Transformers

Taken mainly from (, ). The Transformer network takes in a sequence of \(N\) tokens of dimensionality \(D\). Many types of data can tokenized, and this allows for mixing different modalities. The transformer takes in the input data \(X^{(0)}\) (dimension \(D\times N\)) and outputs another matrix \(X^{(M)}\) of the same size, where the \(n^{th}\) column vector is the feature vector representing the sequence at the location of token \(n\). These representations can be used to predict the \(n+1^{th}\) token (i.e. autoregressive prediction), global classification of the entire sequence, sequence-to-sequence or image-to-image prediction problems etc. \(M\) denotes the nunber of layers of the transformer.

The transformer block has 2 stages:

Self-attention over time Operates across the sequence. (Updates features independently depending on the relationship between tokens across the sequence, acts horizontally across rows of \(X^{(m-1)}\)).

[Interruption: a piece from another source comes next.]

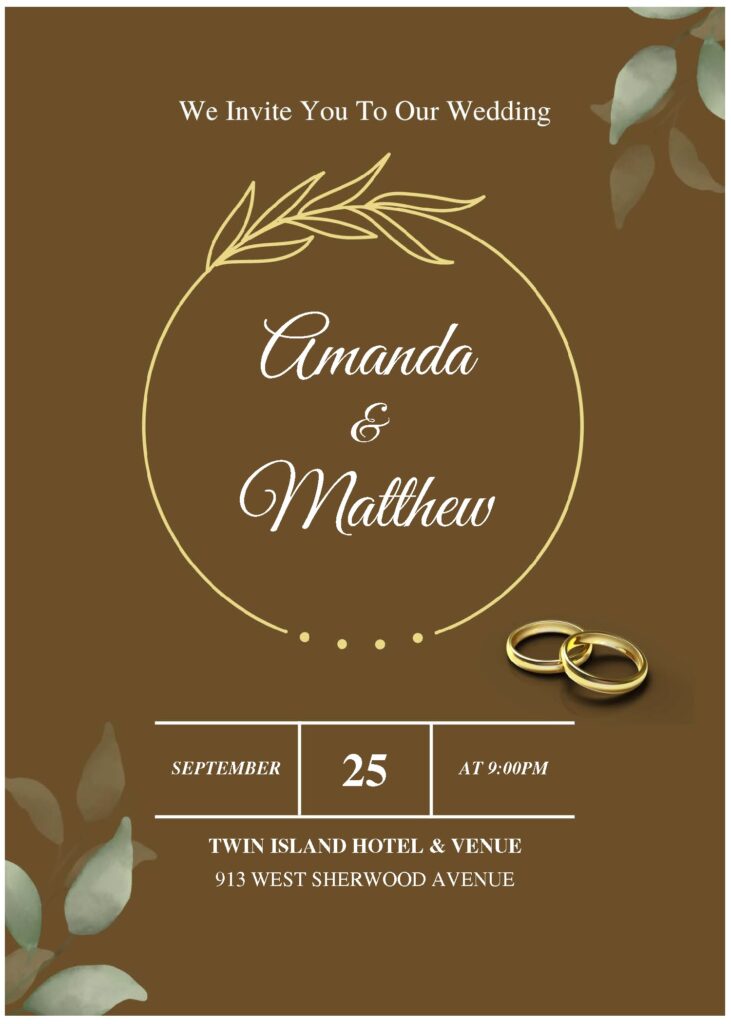 (Free Editable PDF) Refined Greenery Wedding Invitation Templates A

Output is another \(D \times N\) array \(Y^{(m)}\), made by aggregating information across the sequence independently for each feature using the attention mechanism. Specifically, the \(n^{th}\) column of \(Y^{(m)}\) is produced as a weighted average of the input features at location \(n' \in \{1,\cdots, N\}\), i.e. \(y_n^{(m)} = \sum_{n'=1}^{N}x_{n'}^{(m)}A_{n',n}^{(m)}\) where \(A\) is called the attention matrix of size \(N\times N\) and normalizes over columns i.e. \(\sum_{n'}^{}A_{n',n}^{(m)}=1\). The attention matrix assigns higher values to locations \(n'\) which are more relevant for location \(n\). More compactly, we have \(Y^{(m)} = X^{(m-1)}A^{(m)}\).

Now, the question is where the attention matrix comes from - it is generated from the input sequence itself, this is called self-attention. [#TODO Finish this].

Other operating across the features. (Updates the features representing each token, acts vertically across columns of \(X^{(m-1)}\)).

Resources

Transformer Explainer - Interactive web application alongside blog post.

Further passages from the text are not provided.